#### [Your objective]
The lines below must be transcribed exactly as given, with the images removed.

#### [Data]
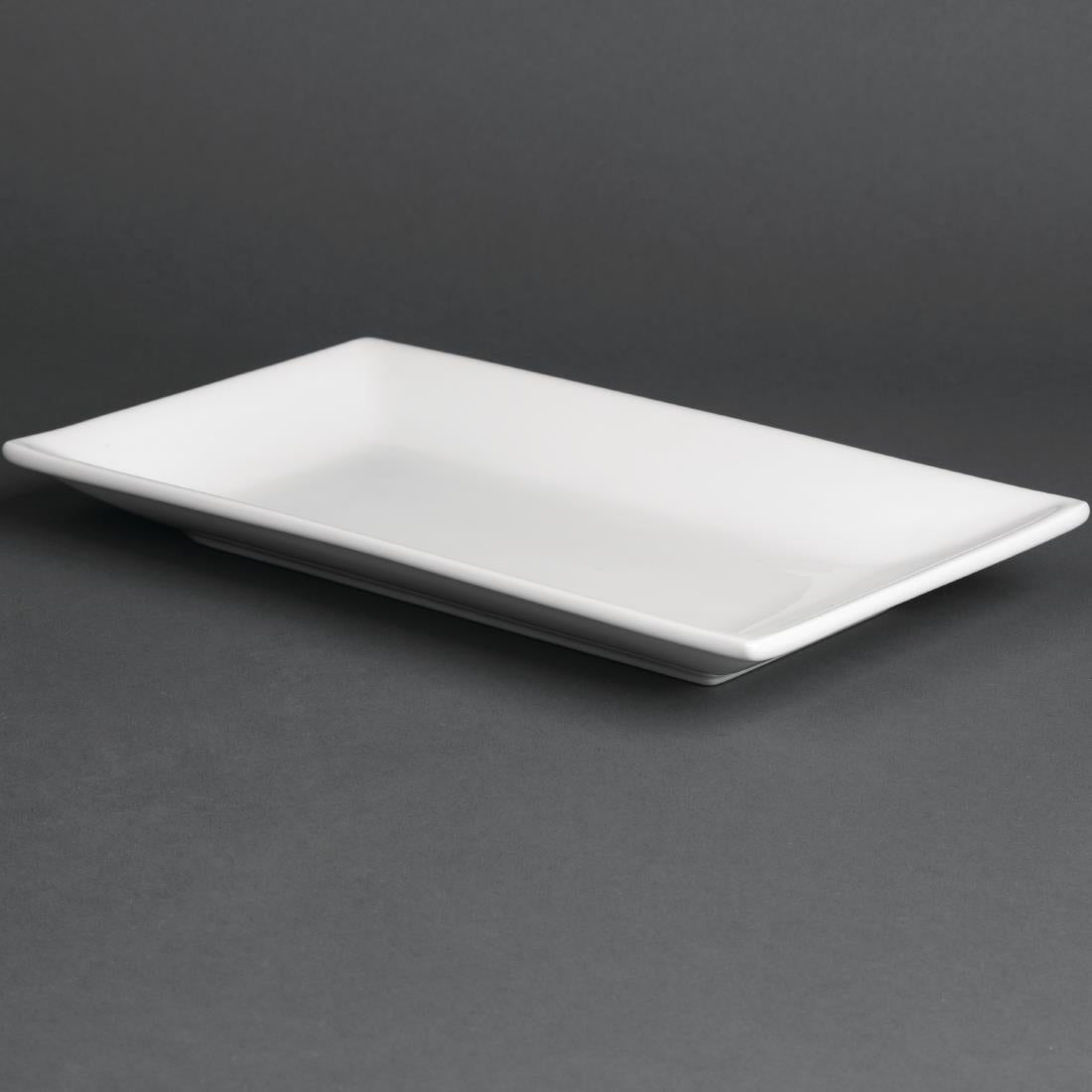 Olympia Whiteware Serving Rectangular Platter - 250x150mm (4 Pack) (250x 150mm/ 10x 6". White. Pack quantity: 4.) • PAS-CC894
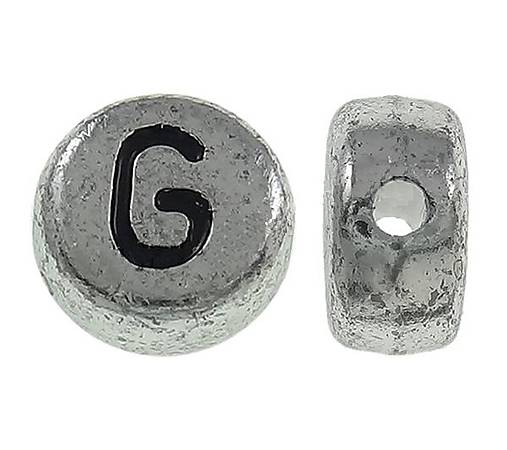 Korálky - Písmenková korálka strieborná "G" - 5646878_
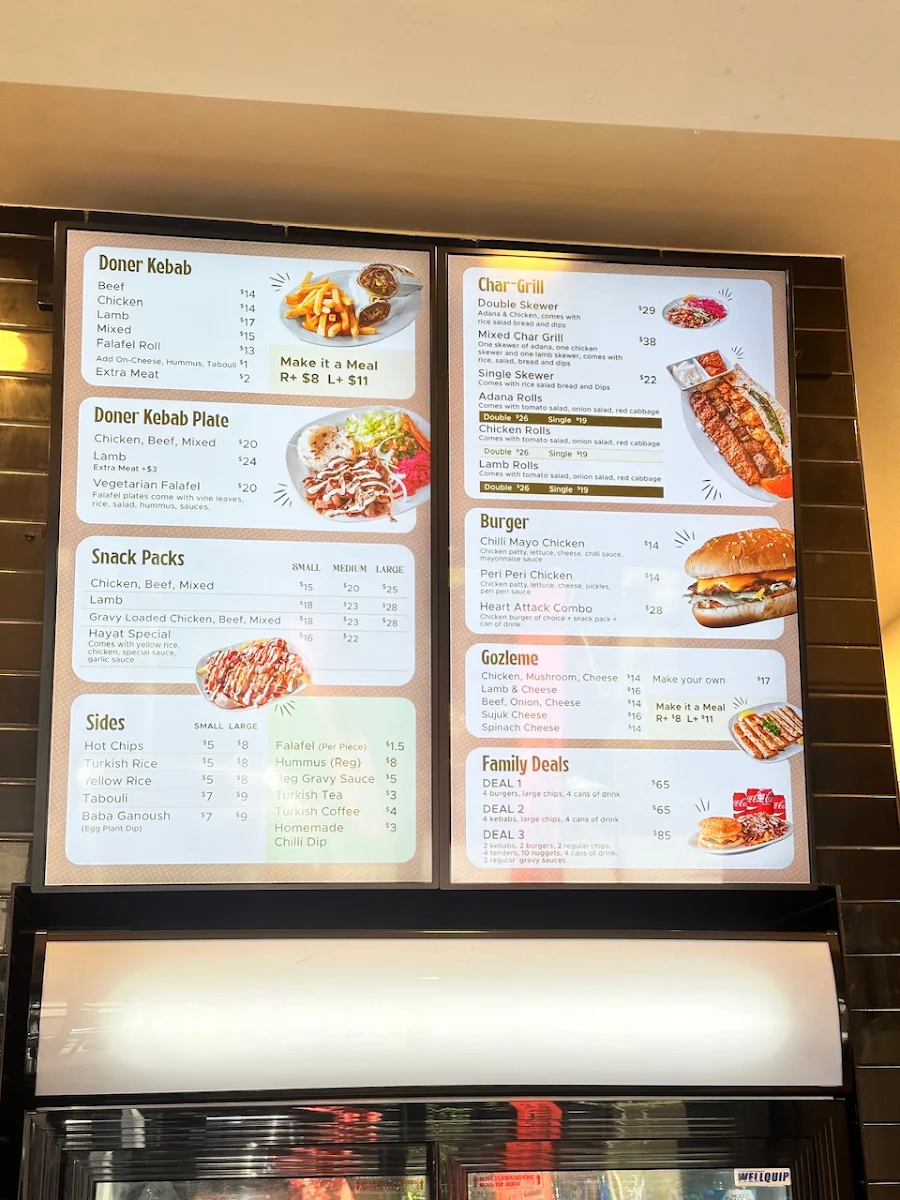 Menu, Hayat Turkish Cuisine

#### [Written answer]
 Olympia Whiteware Serving Rectangular Platter - 250x150mm (4 Pack) (250x 150mm/ 10x 6". White. Pack quantity: 4.) • PAS-CC894
 Korálky - Písmenková korálka strieborná "G" - 5646878_
 Menu, Hayat Turkish Cuisine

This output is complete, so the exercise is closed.